One problem with such switched capacitor DC/DC converters is that the input voltage is directly coupled to the capacitors. Upon start-up of the system, when Vin is first applied, the in-rush current into the capacitors before reaching steady state can easily exceed 1000 A for a few nanoseconds with a low impedance interconnection. This imposes various constraints and risks on the design.
FIG. 1 illustrates a conventional 2:1 switched capacitor converter 10 which outputs a voltage Vout that is approximately one-half of the input voltage Vin. During steady state operation, the FETs Q1-Q4 are switched, as shown in FIG. 2, to cyclically charge and discharge capacitor C2, called a flying capacitor. The body diodes of the FETs are shown. The capacitor C2 is repeatedly charged to Vin/2 when connected across the capacitor C1, and the charge is transferred to the capacitor C3 (and the load 12) when connected across the capacitor C3. The capacitors C1 and C3 are initially charged by Vin at start-up, where the node of C1 and C3 is at Vin/2. Typically, capacitors are connected external to any controller package due to their large size. The switches Q1-Q4 may also be external to the package if the currents are high. The input voltage Vin is directly connected to the top terminal of the FET Q1 and the capacitor C1.

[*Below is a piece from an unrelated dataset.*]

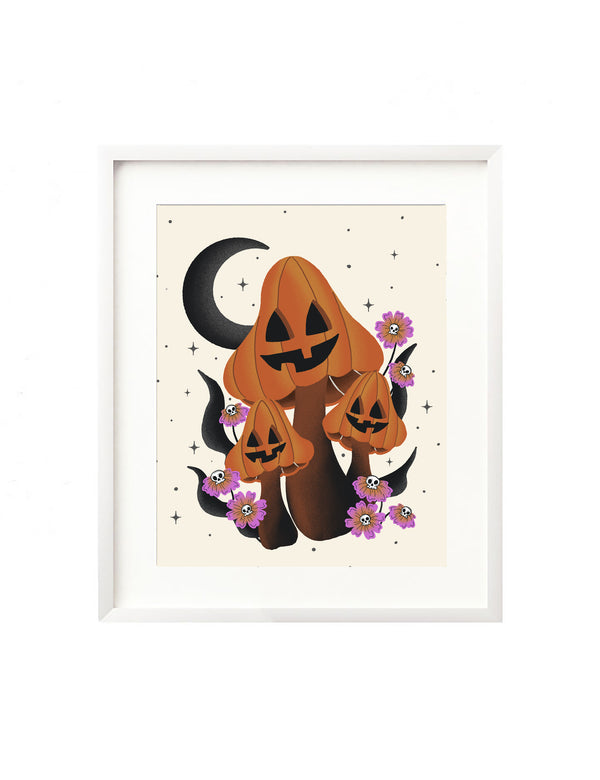 A framed art print - the illustration is of whimsical mushrooms drawn with jack o lantern faces, and colored orange for Halloween. It is surrounded by vibrant florals that have skull heads in the center and a crescent moon and twinkling stars make up the background.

The 2:1 switched capacitor converter can properly operate without capacitor C1. In such a case, when the FETs Q1 and Q3 are on, the capacitors C2 and C3 are charged by Vin in series. When FETs Q2 and Q4 are on, the capacitors C2 and C3 are in parallel. This forces the capacitor C2 and C3 voltages to be very close to each other at about Vin/2.
FIG. 3 illustrates how, upon the Vin power supply powering up at time T0, when the capacitors C1-C3 have a zero initial voltage, the in-rush current can easily exceed 1000 A, depending on any parasitic resistances in the path. The high current may only last less than 1 microsecond but can easily exceed the FETs' safe operating current and needs to be taken into account in the design. The output voltage Vout only reaches its steady state voltage after the capacitors C1, C2, and C3 are fully charged and the switches Q1-Q4 are controlled as shown in FIG. 2. The Vout waveform shows some ringing after the in-rush current.
In a fault condition, such as the capacitor C3 becoming a short circuit, since there is no inductor in the switched capacitor circuit to limit current, the input in-rush current can rise up quickly to a very high level, causing FET failure and system damage.
What is needed is a complete circuit for controlling a switched capacitor DC/DC converter, where the in-rush current is reduced. The circuit should also detect faults during operation and take appropriate safety measures.